WHAT YOU ARE ASKED TO DO> Find, in the records below, the line that contains "Irresistible Hamburger Green" and the line that contains "Event Feedback: Baltimore". Copy those two lines and everything between them exactly, but not the pictures.

==== SOURCE MATERIAL

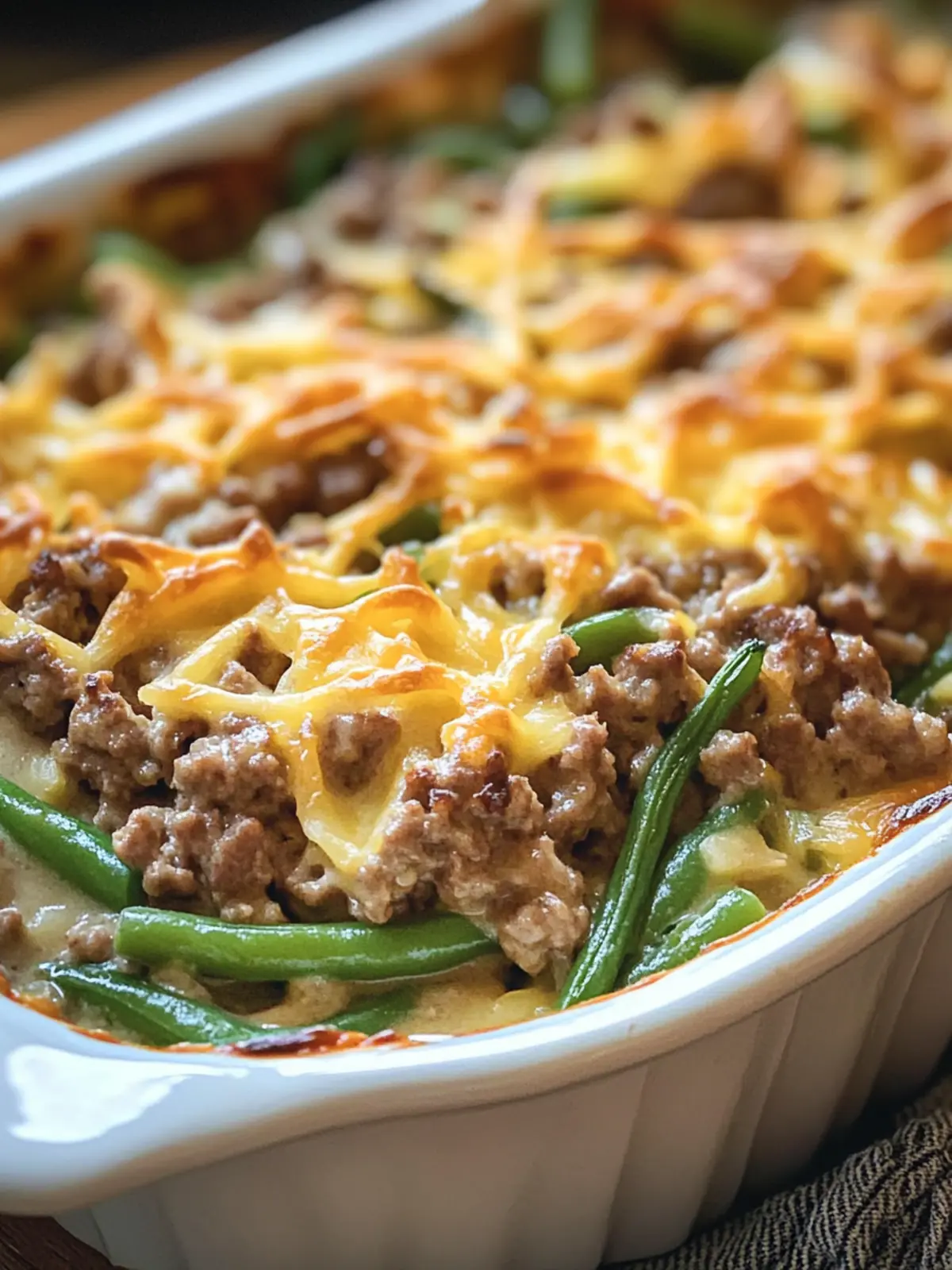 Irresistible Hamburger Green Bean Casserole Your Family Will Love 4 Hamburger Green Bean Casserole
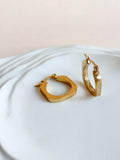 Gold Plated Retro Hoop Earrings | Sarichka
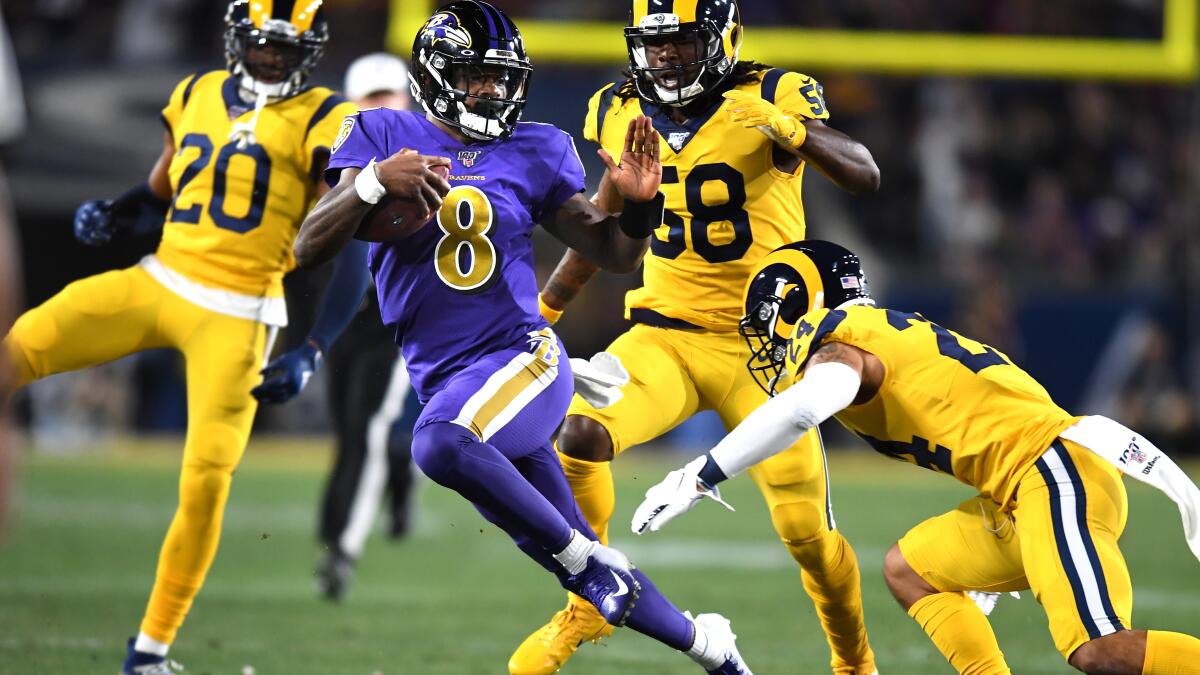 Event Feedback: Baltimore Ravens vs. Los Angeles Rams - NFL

========
==== SOURCE MATERIAL

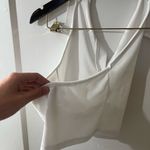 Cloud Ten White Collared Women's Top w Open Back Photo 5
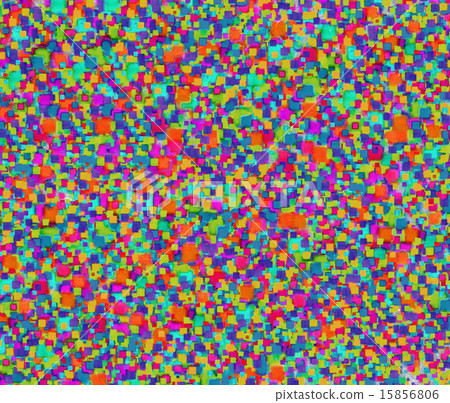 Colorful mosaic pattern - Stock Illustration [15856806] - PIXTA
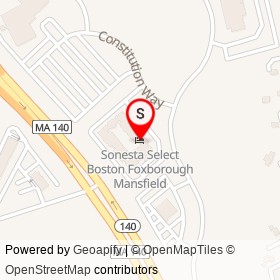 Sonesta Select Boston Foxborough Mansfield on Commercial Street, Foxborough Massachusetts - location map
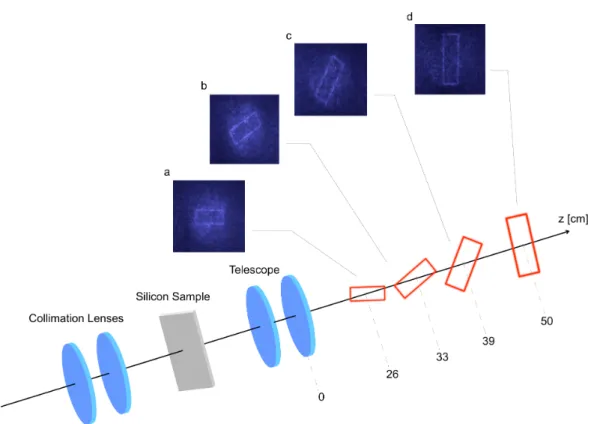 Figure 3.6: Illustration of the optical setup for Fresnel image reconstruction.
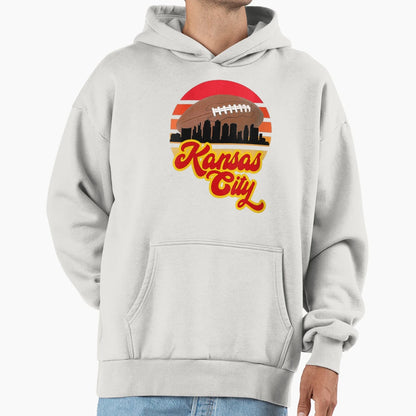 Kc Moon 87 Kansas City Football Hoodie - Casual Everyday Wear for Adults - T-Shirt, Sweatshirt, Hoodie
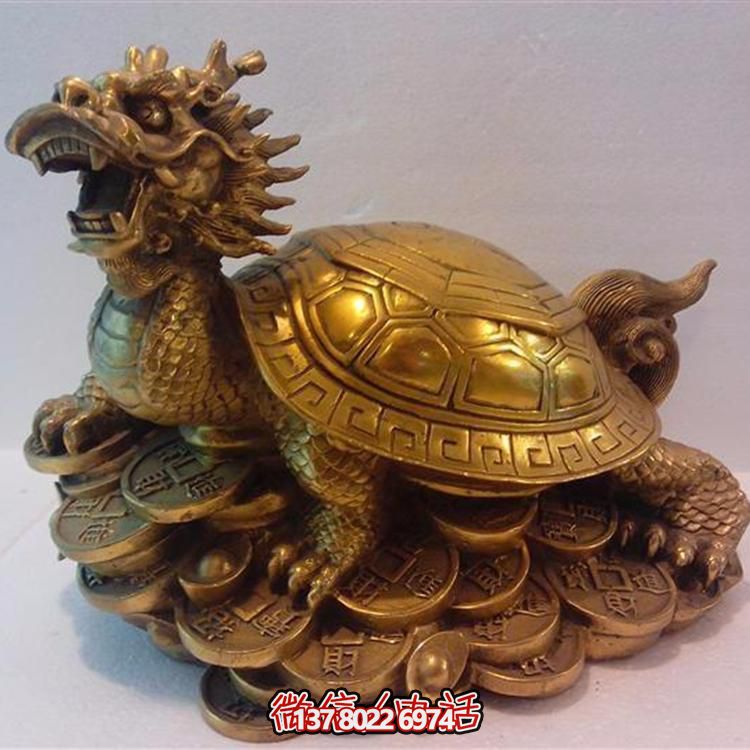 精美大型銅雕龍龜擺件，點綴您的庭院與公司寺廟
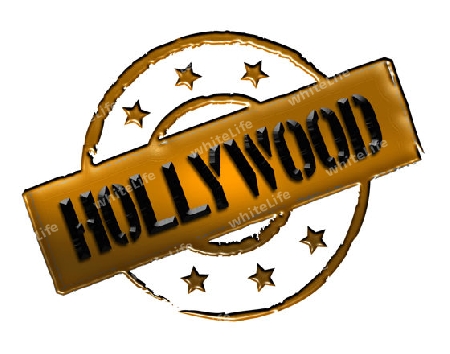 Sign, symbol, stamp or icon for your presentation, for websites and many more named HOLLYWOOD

========

RESPONSE TO THE EXERCISE>
 Irresistible Hamburger Green Bean Casserole Your Family Will Love 4 Hamburger Green Bean Casserole
 Gold Plated Retro Hoop Earrings | Sarichka
 Event Feedback: Baltimore Ravens vs. Los Angeles Rams - NFL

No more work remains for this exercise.